Work task: Without the images, repeat every line of the listing exactly.
========================
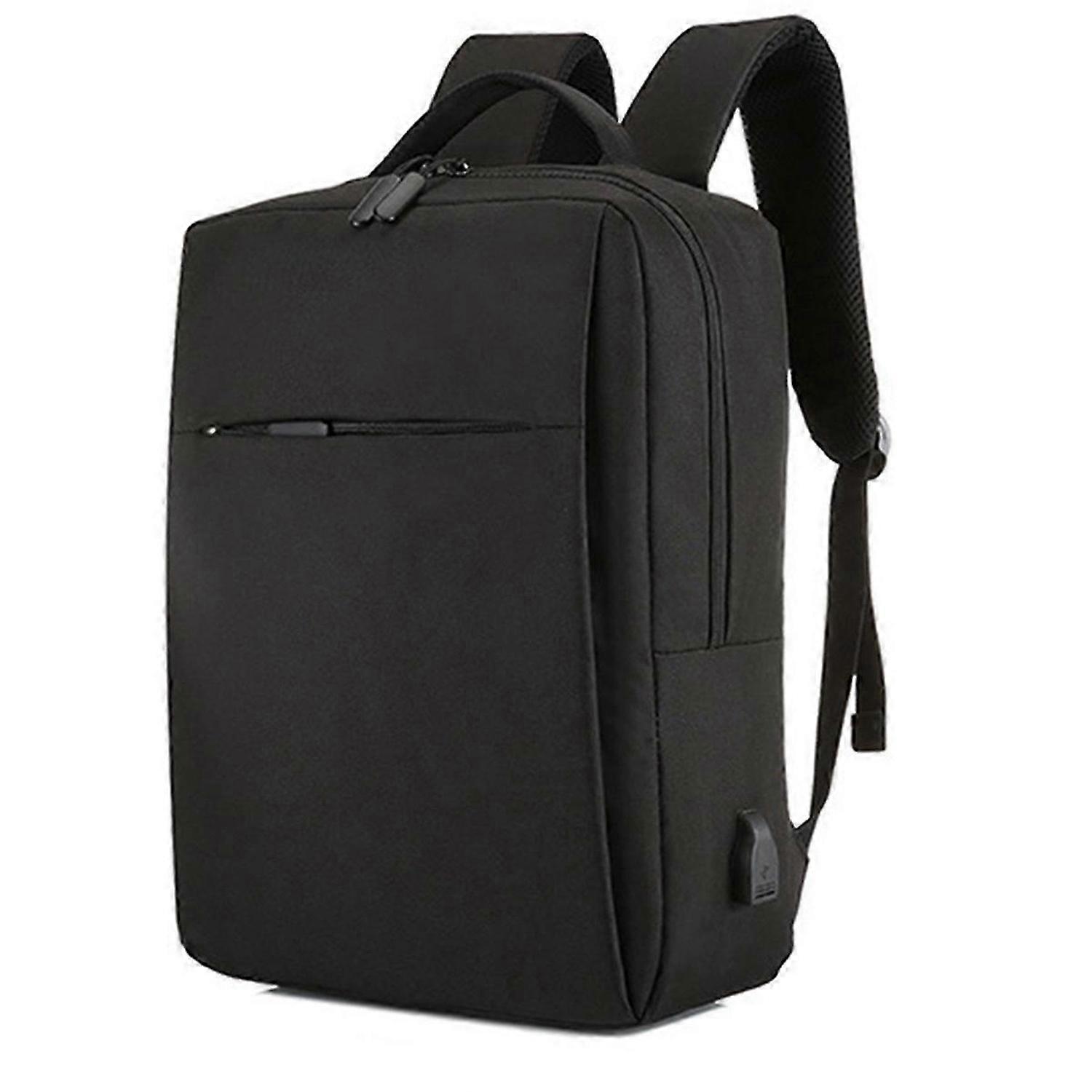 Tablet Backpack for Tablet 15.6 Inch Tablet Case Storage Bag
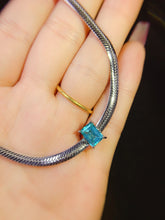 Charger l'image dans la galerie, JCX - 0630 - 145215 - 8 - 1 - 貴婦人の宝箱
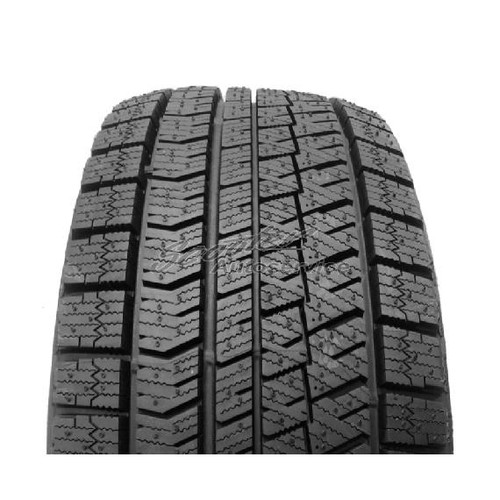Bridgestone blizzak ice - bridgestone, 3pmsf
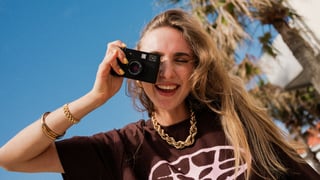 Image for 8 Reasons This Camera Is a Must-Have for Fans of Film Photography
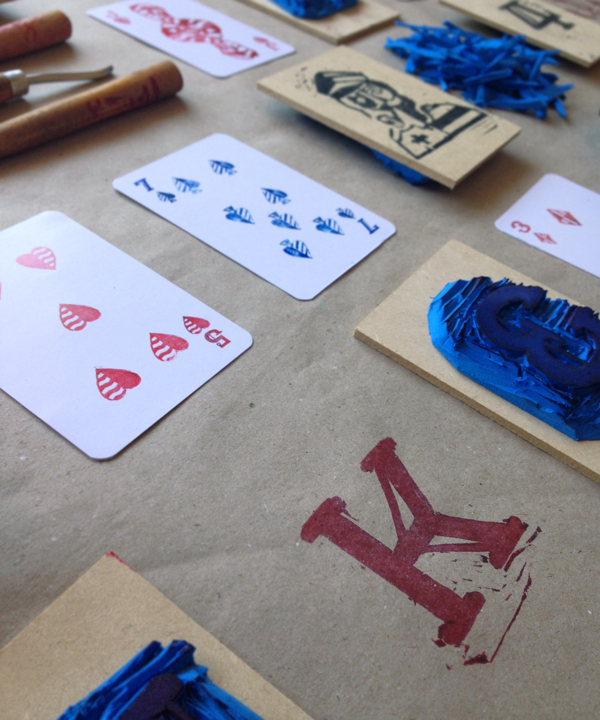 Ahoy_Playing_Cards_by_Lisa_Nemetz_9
========================
Solution to the exercise:
 Tablet Backpack for Tablet 15.6 Inch Tablet Case Storage Bag
 Charger l'image dans la galerie, JCX - 0630 - 145215 - 8 - 1 - 貴婦人の宝箱
Bridgestone blizzak ice - bridgestone, 3pmsf
 Image for 8 Reasons This Camera Is a Must-Have for Fans of Film Photography
 Ahoy_Playing_Cards_by_Lisa_Nemetz_9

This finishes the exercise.